• WORK ITEM: The pictures do not belong in the copy. Restate all of the records word for word.

Web page caption snippets

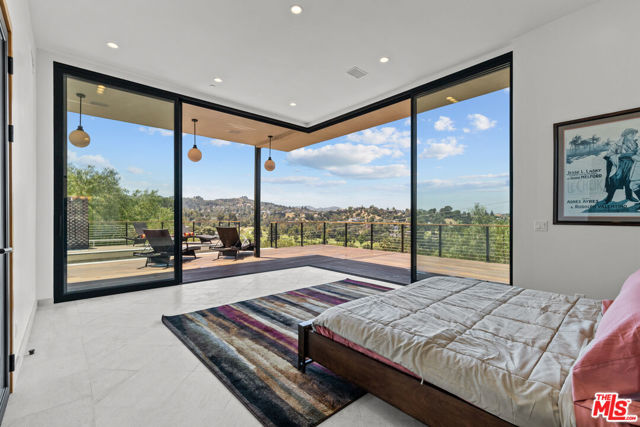 4671 Bedel Street, Woodland Hills CA: https://media.crmls.org/mediaz/561acbc3-aec6-4c74-a3e3-c10465042958.jpg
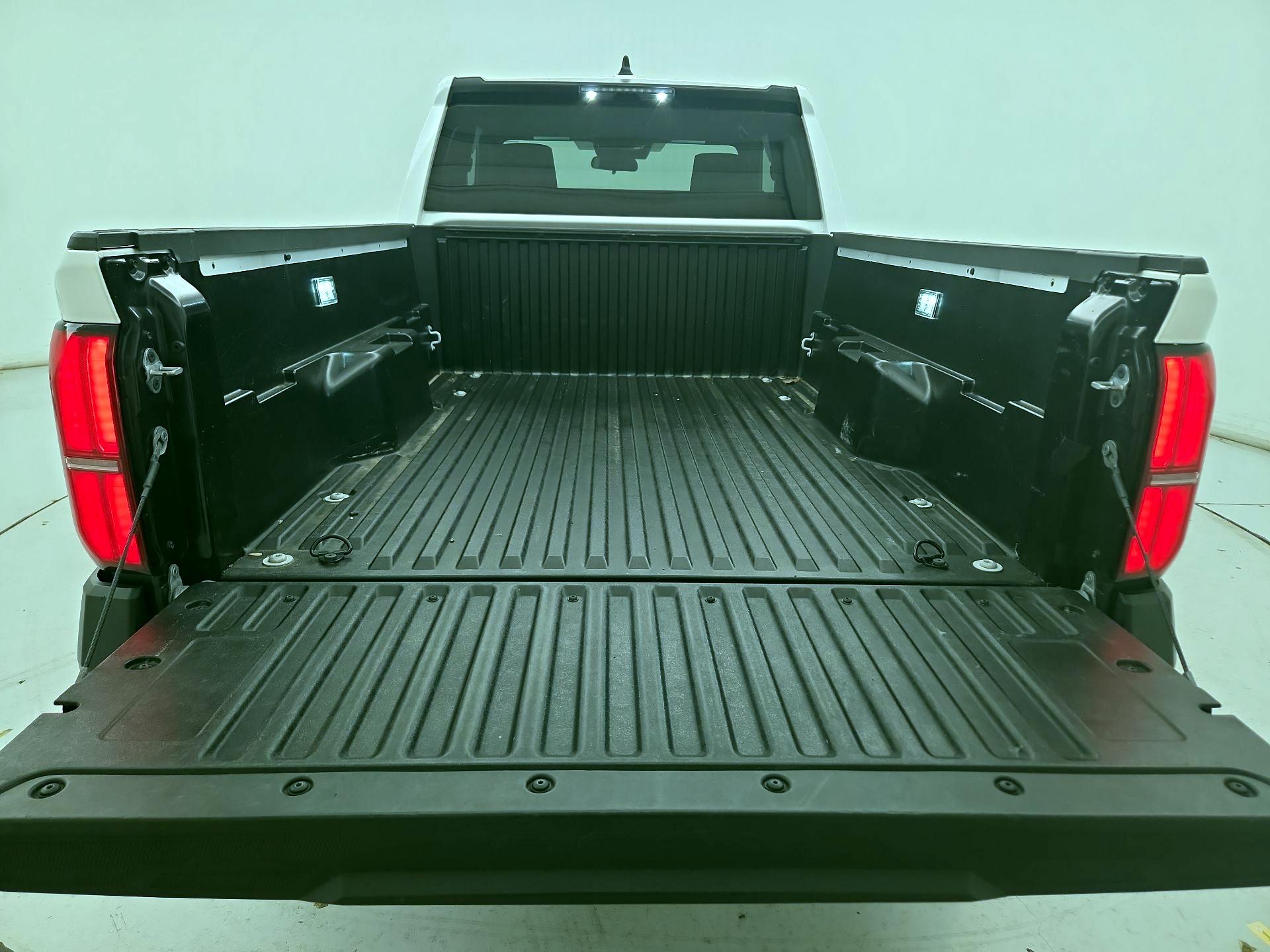 Thumbnail: 2025 Toyota Tacoma - 19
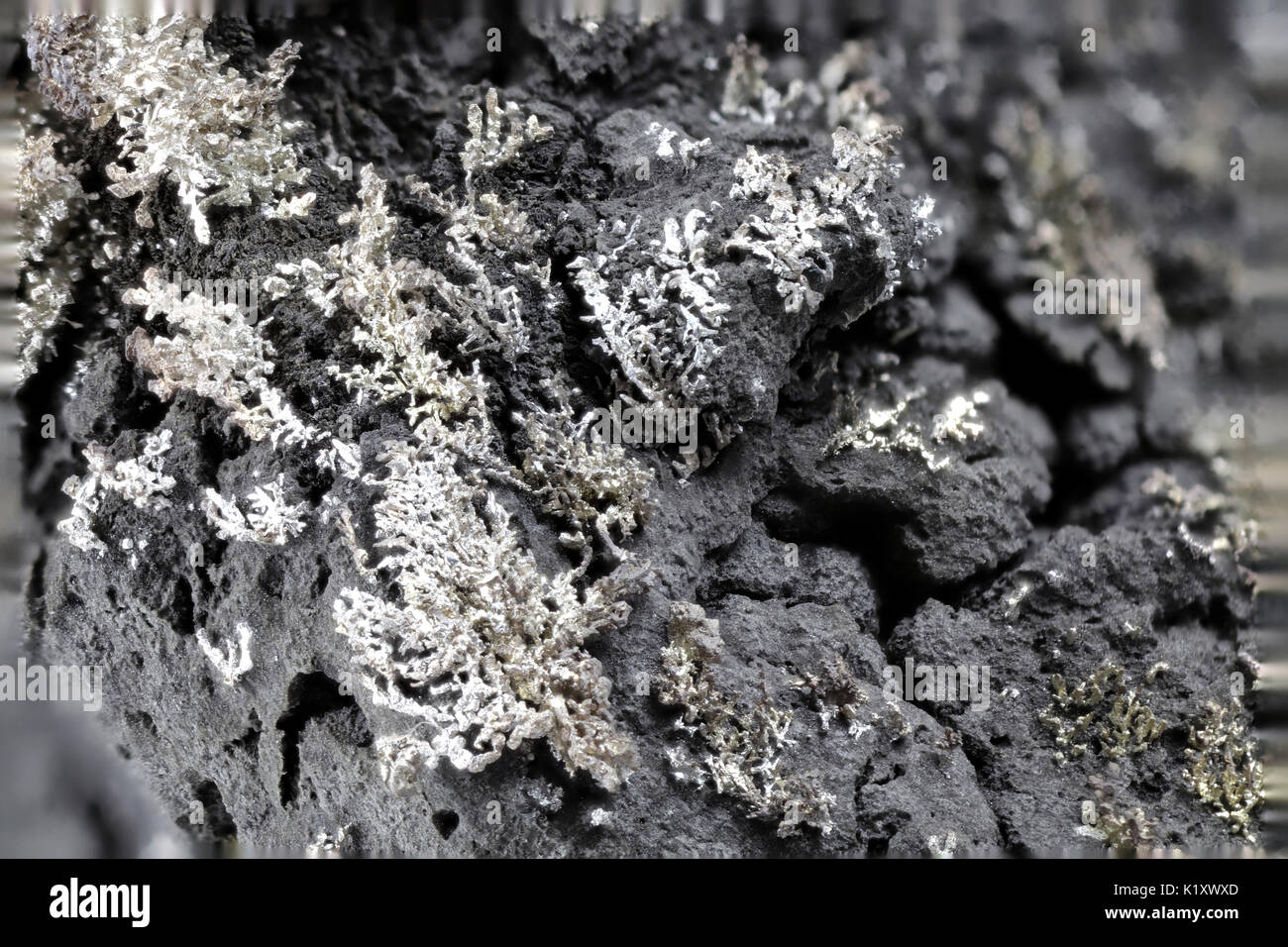 Nahaufnahme der gediegen Silber von Pohla (Erzgebirge / Deutschland Stockfoto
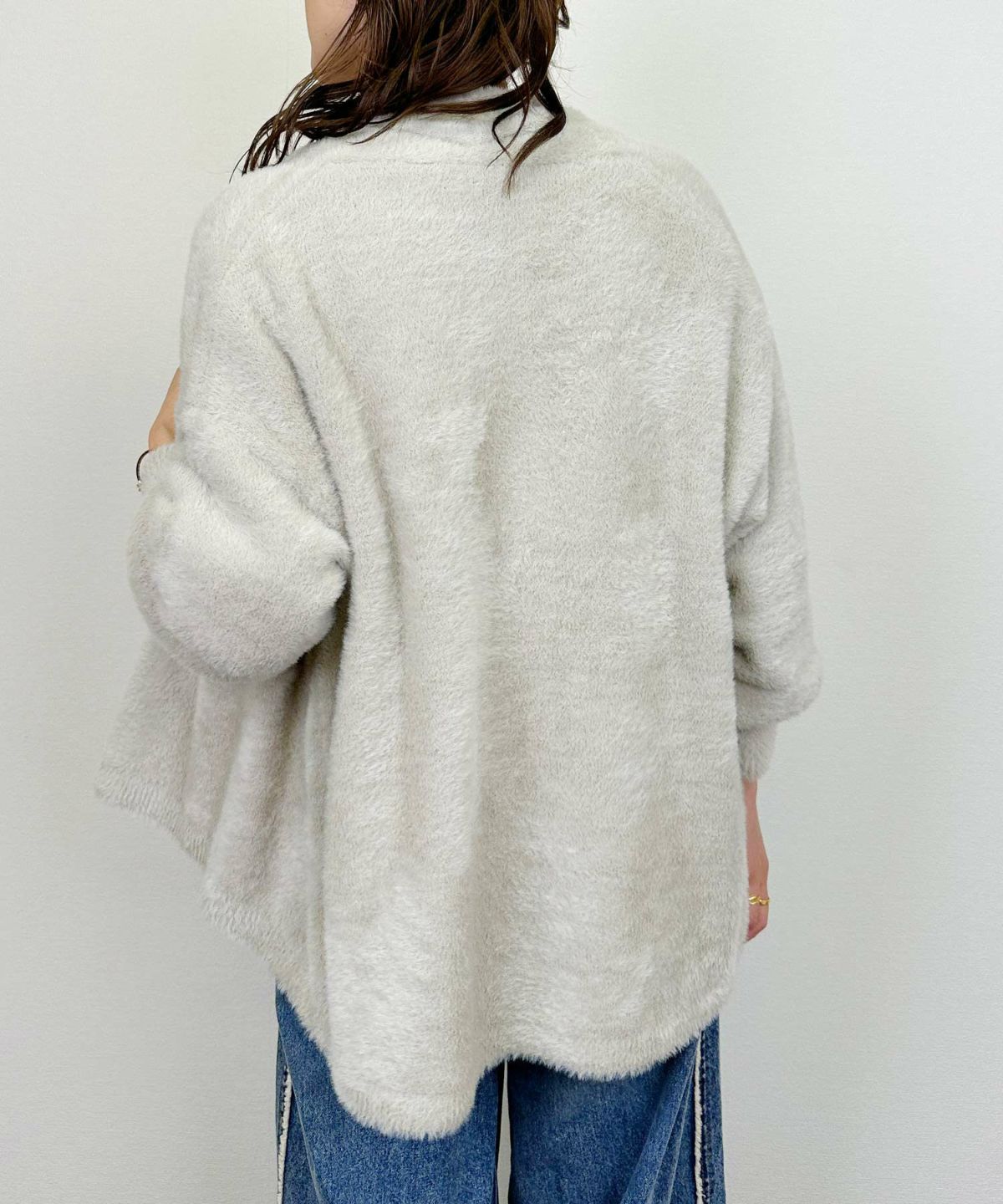 model：H164　着用サイズ：M　ライトグレー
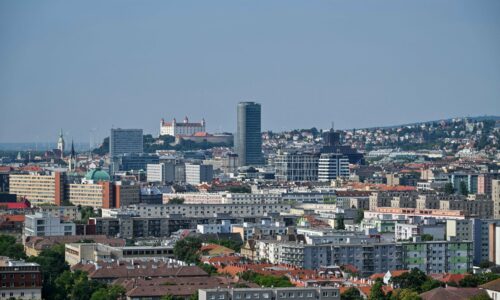 Slovenská ekonomika rástla štvrtý kvartál po sebe najrýchlejšie v regióne, poukázal analytický inštitút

• FINISHED EXERCISE:
 4671 Bedel Street, Woodland Hills CA: https://media.crmls.org/mediaz/561acbc3-aec6-4c74-a3e3-c10465042958.jpg
 Thumbnail: 2025 Toyota Tacoma - 19
 Nahaufnahme der gediegen Silber von Pohla (Erzgebirge / Deutschland Stockfoto
 model：H164　着用サイズ：M　ライトグレー
 Slovenská ekonomika rástla štvrtý kvartál po sebe najrýchlejšie v regióne, poukázal analytický inštitút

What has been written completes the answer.